Please write out, exactly, every line of the listing from its first line through the one that includes "Competitor Intelligence Research".

·····

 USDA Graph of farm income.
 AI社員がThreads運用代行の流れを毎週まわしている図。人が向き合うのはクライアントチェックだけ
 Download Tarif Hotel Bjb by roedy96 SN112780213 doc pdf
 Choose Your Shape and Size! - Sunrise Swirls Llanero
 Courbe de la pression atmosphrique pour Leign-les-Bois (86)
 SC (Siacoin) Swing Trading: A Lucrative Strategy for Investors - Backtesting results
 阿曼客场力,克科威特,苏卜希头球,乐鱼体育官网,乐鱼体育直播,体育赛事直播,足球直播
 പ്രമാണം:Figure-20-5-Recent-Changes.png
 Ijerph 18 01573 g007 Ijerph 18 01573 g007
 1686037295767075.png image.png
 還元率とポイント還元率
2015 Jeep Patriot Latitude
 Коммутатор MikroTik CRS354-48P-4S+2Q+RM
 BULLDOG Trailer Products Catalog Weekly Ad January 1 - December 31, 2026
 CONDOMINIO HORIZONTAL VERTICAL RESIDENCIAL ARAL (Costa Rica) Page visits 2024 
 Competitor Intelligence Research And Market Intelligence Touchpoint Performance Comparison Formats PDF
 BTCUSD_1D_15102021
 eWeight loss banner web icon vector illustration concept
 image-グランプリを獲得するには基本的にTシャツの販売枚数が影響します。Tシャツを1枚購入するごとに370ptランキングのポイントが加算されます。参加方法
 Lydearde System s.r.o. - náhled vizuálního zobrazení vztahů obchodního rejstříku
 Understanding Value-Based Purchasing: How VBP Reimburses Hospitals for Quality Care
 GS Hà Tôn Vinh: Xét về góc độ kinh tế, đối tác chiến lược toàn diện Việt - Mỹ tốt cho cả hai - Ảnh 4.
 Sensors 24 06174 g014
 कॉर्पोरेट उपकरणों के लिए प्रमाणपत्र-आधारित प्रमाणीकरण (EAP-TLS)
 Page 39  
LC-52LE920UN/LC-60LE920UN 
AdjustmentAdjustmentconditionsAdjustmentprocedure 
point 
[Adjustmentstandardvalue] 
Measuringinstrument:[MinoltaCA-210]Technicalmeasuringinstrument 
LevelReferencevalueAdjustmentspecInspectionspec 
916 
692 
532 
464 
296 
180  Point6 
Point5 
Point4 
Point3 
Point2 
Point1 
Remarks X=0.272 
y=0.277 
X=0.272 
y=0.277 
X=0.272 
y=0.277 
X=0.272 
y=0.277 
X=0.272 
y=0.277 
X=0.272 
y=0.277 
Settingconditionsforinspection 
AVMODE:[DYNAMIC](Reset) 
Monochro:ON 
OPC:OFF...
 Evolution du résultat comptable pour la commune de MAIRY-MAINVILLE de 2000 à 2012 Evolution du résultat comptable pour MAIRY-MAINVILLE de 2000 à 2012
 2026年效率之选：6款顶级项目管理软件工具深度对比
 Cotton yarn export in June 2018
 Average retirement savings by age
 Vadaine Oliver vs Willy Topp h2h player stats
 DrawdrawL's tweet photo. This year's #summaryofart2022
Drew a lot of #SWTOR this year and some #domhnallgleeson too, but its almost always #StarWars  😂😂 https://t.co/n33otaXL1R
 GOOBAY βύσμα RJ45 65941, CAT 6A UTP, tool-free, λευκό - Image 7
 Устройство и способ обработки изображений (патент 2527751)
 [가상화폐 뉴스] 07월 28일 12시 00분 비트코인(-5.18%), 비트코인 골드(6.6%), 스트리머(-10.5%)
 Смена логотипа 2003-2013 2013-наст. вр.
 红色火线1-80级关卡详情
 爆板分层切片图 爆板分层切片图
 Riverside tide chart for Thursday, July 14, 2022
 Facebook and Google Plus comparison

·····

OUTPUT FOR THIS TASK:
 USDA Graph of farm income.
 AI社員がThreads運用代行の流れを毎週まわしている図。人が向き合うのはクライアントチェックだけ
 Download Tarif Hotel Bjb by roedy96 SN112780213 doc pdf
 Choose Your Shape and Size! - Sunrise Swirls Llanero
 Courbe de la pression atmosphrique pour Leign-les-Bois (86)
 SC (Siacoin) Swing Trading: A Lucrative Strategy for Investors - Backtesting results
 阿曼客场力,克科威特,苏卜希头球,乐鱼体育官网,乐鱼体育直播,体育赛事直播,足球直播
 പ്രമാണം:Figure-20-5-Recent-Changes.png
 Ijerph 18 01573 g007 Ijerph 18 01573 g007
 1686037295767075.png image.png
 還元率とポイント還元率
2015 Jeep Patriot Latitude
 Коммутатор MikroTik CRS354-48P-4S+2Q+RM
 BULLDOG Trailer Products Catalog Weekly Ad January 1 - December 31, 2026
 CONDOMINIO HORIZONTAL VERTICAL RESIDENCIAL ARAL (Costa Rica) Page visits 2024 
 Competitor Intelligence Research And Market Intelligence Touchpoint Performance Comparison Formats PDF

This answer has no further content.